Department of Life Sciences and Medicine, University of Luxembourg, Esch-sur-Alzette, Luxembourg.
Megeno S.A., Esch-sur-Alzette, Luxembourg.
NPJ Syst Biol Appl. 2021 Jan 22;7(1):5. doi: 10.1038/s41540-020-00159-1.
Metabolic modeling enables the study of human metabolism in healthy and in diseased conditions, e.g., the prediction of new drug targets and biomarkers for metabolic diseases. To accurately describe blood and urine metabolite dynamics, the integration of multiple metabolically active tissues is necessary. We developed a dynamic multi-tissue model, which recapitulates key properties of human metabolism at the molecular and physiological level based on the integration of transcriptomics data.
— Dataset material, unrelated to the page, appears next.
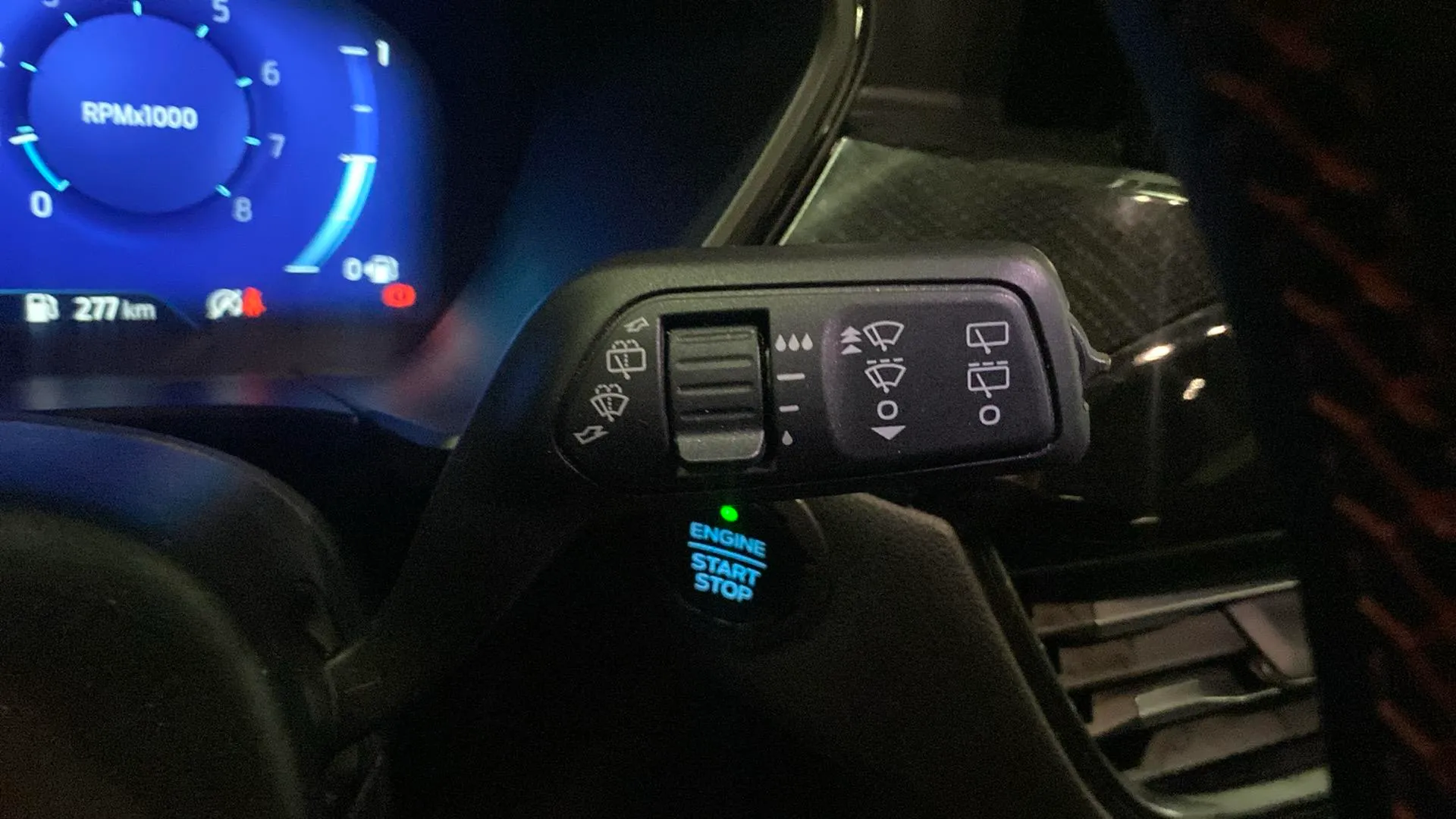 Ford Kuga ST-Line 1.5T EcoBoost - foto 17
It enables the simulation of the dynamics of intra-cellular and extra-cellular metabolites at the genome scale. The predictive capacity of the model is shown through the accurate simulation of different healthy conditions (i.e., during fasting, while consuming meals or during exercise), and the prediction of biomarkers for a set of Inborn Errors of Metabolism with a precision of 83%. This novel approach is useful to prioritize new biomarkers for many metabolic diseases, as well as for the integration of various types of personal omics data, towards the personalized analysis of blood and urine metabolites.
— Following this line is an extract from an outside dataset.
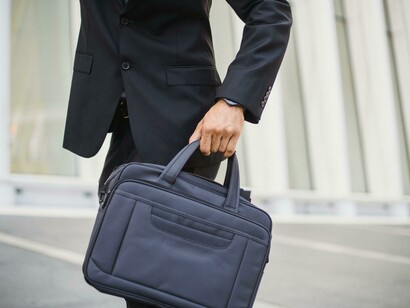 ¿Por qué traje el portafolio?...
代谢建模能够研究健康和疾病状态下的人体代谢,例如,预测新的药物靶点和代谢疾病的生物标志物。为了准确描述血液和尿液代谢物的动态变化,需要整合多个代谢活跃的组织。我们开发了一种动态的多组织模型,该模型基于转录组学数据的整合,在分子和生理水平上再现了人体代谢的关键特性。它能够模拟细胞内和细胞外代谢物在基因组尺度上的动态变化。该模型的预测能力通过对不同健康状态(如禁食、进食或运动期间)的准确模拟以及对一组遗传代谢缺陷的生物标志物的预测(精度为 83%)得到了验证。这种新方法有助于为许多代谢疾病确定新的生物标志物的优先级,也有助于整合各种类型的个人组学数据,从而实现对血液和尿液代谢物的个性化分析。